The records
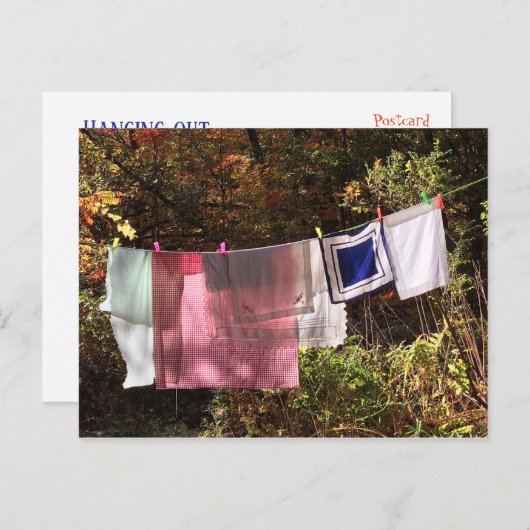 "Uit"Nr.1 de Kast van het BRIEFKAART (Voorkant / Achterkant)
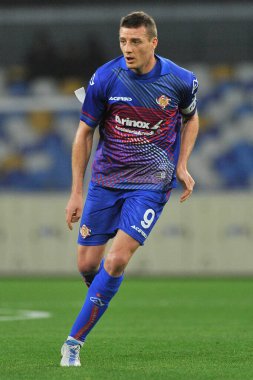 Daniel Ciofani Player of Cremonese, during the round of 16 match of the Italian Cup, between Napoli vs Cremonese, result of regulation time 2-2, but with the defeat on penalties for Napoli, with final result Napoli 6 - Cremonese 7. Match played at th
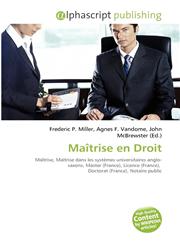 Maîtrise en Droit,6134177970,9786134177979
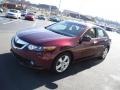 2010 Basque Red Pearl Acura TSX Sedan  photo #6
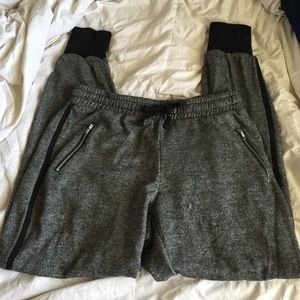 Grey/black jogger sweats NWOT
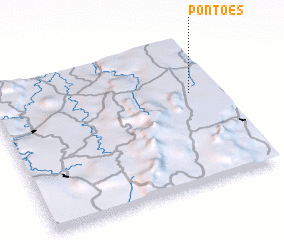 3d view of Pontões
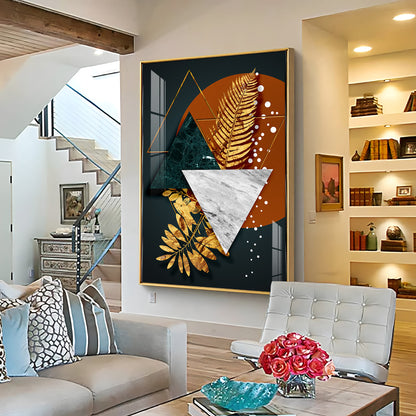 Radiant Shapes Premium Acrylic Vertical Wall Art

Task brief
Restate, line by line and word for word, everything from the top of the material through the line that contains "3d view of Pontões". Leave pictures out.

Exercise answer
 "Uit"Nr.1 de Kast van het BRIEFKAART (Voorkant / Achterkant)
 Daniel Ciofani Player of Cremonese, during the round of 16 match of the Italian Cup, between Napoli vs Cremonese, result of regulation time 2-2, but with the defeat on penalties for Napoli, with final result Napoli 6 - Cremonese 7. Match played at th
 Maîtrise en Droit,6134177970,9786134177979
 2010 Basque Red Pearl Acura TSX Sedan  photo #6
 Grey/black jogger sweats NWOT
 3d view of Pontões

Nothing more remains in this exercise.